Actor Shabana Azmi joins a protest against the murder of journalist Gauri LankeshActor Shabana Azmi joins a protest against the murder of journalist Gauri Lankesh
Gauri Lankesh was properly bilingual. She conversed in fluent English and was from the Anglicised middle class in every way from the way she dressed to the way she led her life generally. But she edited a magazine in and wrote in Kannanda. This is probably where she caused offence. What we may get away with saying and writing in English, we may not in our own languages. So what did Lankesh write about?

As her surname suggests, this was an unusual woman. Who would identify with, much less glorify, the biggest villain in Indian mythology? The name Lankesh is a synonym of Ravana, as older readers who watched Ramayana on Doordarshan in the mid-1980s will know. Gauri’s father was named, or called himself Lankesh. He was an editor of the sort only South India produces. Interested in politics and culture, highly educated, bilingual, and relevant despite editing an organ with a limited circulation. 

Lankesh Patrike, meaning the letter of Ravana, was a biting, vicious and highly politicised publication that regularly got its editor into trouble. After the passing of Lankesh, this school of journalism passed on to his children, who set up similar publications. His daughter’s was called Gauri Lankesh Patrike, and it added one element that Gauri believed the times required: a crystal clear response to majoritarianism (also called Hindutva). 

This clarity made Lankesh attractive, and she was able to pull in towards her those figures who had been demonised for having the same views as her. In Bengaluru she was the point of contact for such people and she offered herself to them, with whatever limited resources she had, as their host. I mean such people as Kanhaiyya Kumar and Umar Khalid, the protagonists of Jawaharlal Nehru University’s sedition episode. And also Jignesh Mewani, who mobilised Dalits after the shameful episode at Una. 
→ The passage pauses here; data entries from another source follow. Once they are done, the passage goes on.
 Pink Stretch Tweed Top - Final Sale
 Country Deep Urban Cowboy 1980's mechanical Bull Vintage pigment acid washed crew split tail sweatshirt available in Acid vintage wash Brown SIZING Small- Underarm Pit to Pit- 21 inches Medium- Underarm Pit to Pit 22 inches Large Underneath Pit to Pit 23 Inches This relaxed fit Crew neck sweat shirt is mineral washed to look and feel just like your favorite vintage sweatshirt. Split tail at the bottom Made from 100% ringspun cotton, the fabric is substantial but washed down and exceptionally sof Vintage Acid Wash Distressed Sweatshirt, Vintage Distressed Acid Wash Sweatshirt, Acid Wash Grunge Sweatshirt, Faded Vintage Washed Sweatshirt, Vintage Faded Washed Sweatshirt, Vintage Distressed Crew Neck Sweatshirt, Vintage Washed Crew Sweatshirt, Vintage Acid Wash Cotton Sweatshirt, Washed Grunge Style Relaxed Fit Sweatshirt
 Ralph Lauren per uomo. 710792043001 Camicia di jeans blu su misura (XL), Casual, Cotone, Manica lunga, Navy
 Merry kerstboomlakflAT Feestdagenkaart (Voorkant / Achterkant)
This clarity also upset and angered those who could not understand opposition to Hindutva from the pluralist point of view that came effortlessly to Lankesh. The same problem we can see in the murder of the rationalist Professor Kalburgi. He wrote in Kannada about issues that carried a most powerful cultural consensus within his own Lingayat community: the role of their great 12th century founder, Basava. Kalburgi was murdered two years ago, on August 30, 2015, also shot by unknown assassins as was Lankesh. 

Would both these writers have survived had they only written in English? This is difficult to say, because often in things that are of interest in our parts, translations rapidly appear. And then the emotions get inflamed. But it is undeniably true that the edge that is carried by words and phrases when expressed in our languages is blunted to a large extent when expressed in English. 
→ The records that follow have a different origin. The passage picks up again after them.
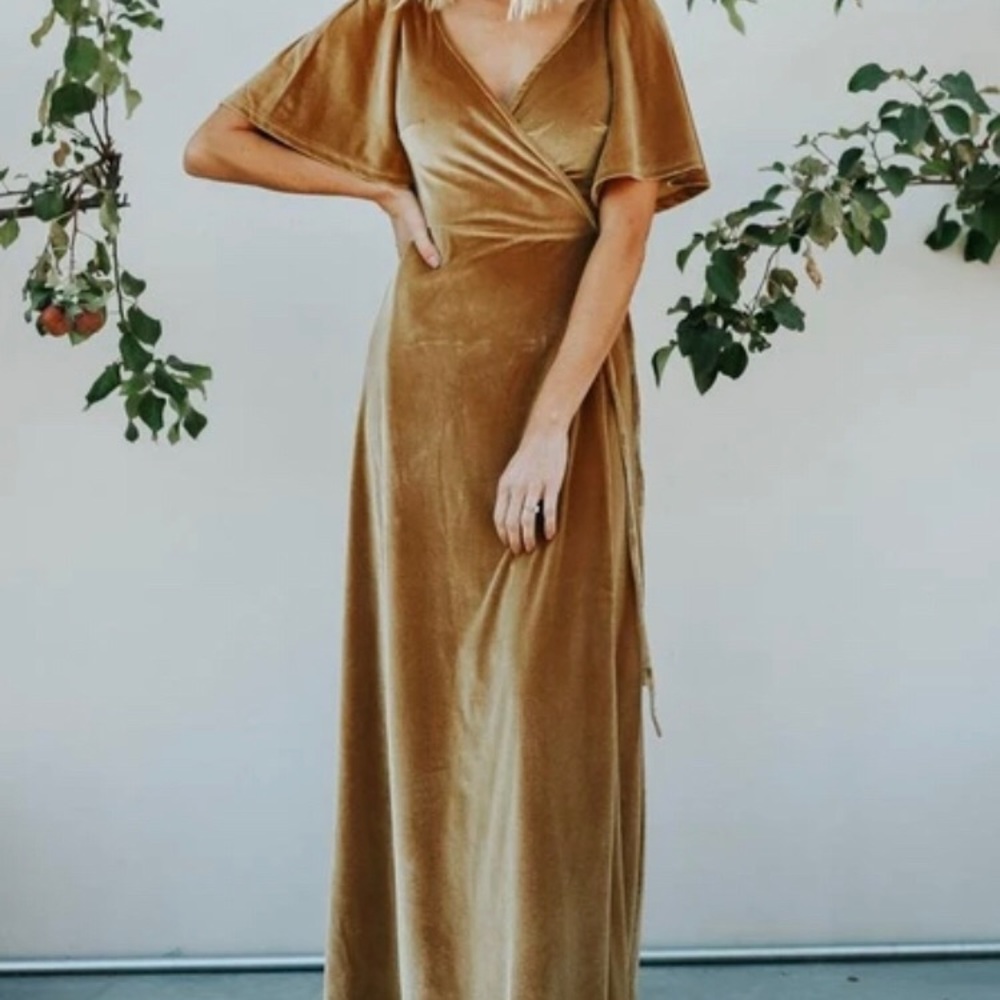 Baltic Born Velvet Wrap Maxi Dress size small in Gold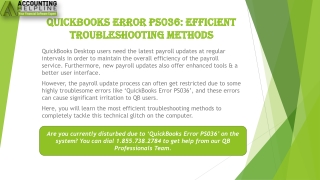 Effective Solutions to Fix QuickBooks Error PS036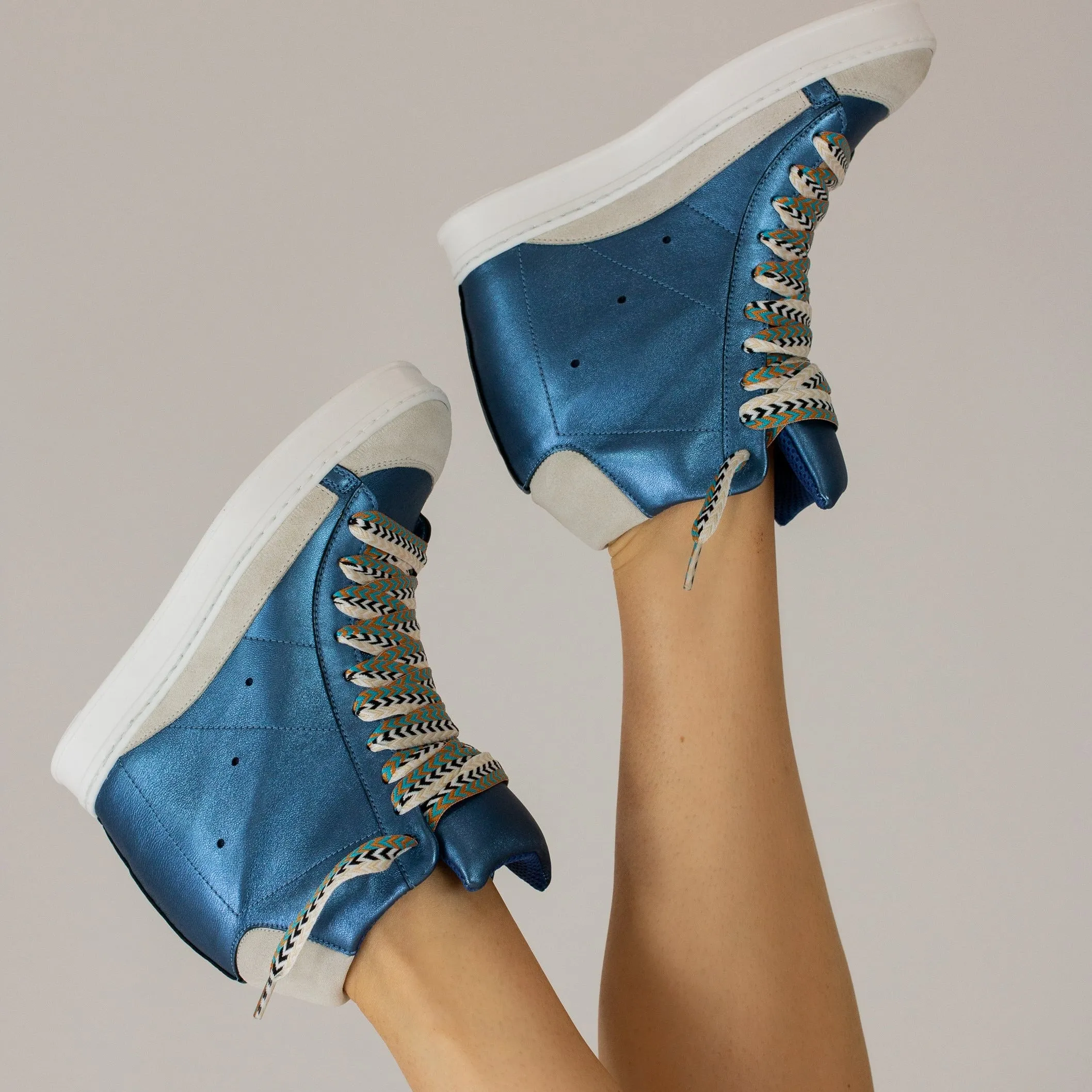 Fearless 2.0 Metallic Blue Wedge Sneaker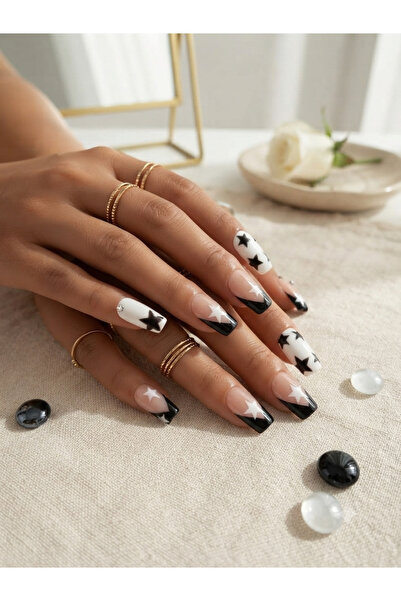 Shades On Nails Handmade Press-On Nails Set - Bold Black & White Y2K Stars an...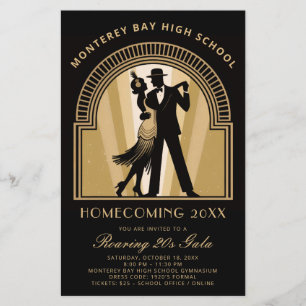 Art Deco Tanzveranstaltung Roaring Twenties Abschl Flyer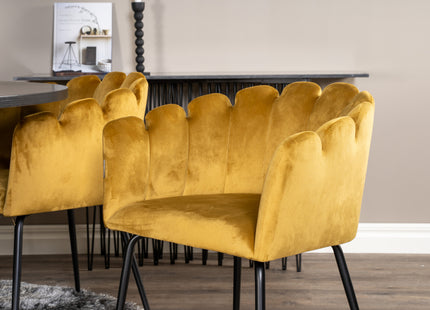 Furniture Fashion Limhamn & Copenhagen Matstolar Gul + Runda Matbord ⌀140 Svart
Lankesh, whom I knew well, and who would come home, bringing these young men whom she mentored, knew the dangers of this. The Karnataka government said she had expressed no indication that she was under threat. This is not surprising, because she rarely spoke about herself, even when she expressed herself strongly. But it is unquestionable that, operating in the local language, and clearly and unequivocally, she would have known that there were many who hated her.
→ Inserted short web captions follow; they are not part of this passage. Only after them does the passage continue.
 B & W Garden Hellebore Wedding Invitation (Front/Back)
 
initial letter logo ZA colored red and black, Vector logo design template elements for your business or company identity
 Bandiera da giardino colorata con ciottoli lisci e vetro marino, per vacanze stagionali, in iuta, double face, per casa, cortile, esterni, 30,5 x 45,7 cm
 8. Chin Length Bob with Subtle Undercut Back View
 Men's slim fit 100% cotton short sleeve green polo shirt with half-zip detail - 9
Why did she continue to write? Many of us are troubled by the things happening in India, but we lack clarity. That is because, on such a gigantic scale as India offers, it is not easy to spot cause and effect. 

Are things in decline? Are constitutional values in jeopardy? If so, who is responsible? Is it right to blame a group or party if it occasionally says the right thing? These questions are difficult to answer with certainty for most of us. 

For Lankesh there was no doubt. Hindutva and majoritarianism were dangerous for India, of this she was convinced. Her response was action, and it was a response that was expressed directly and powerfully in the idiom in which it would have hit home hardest.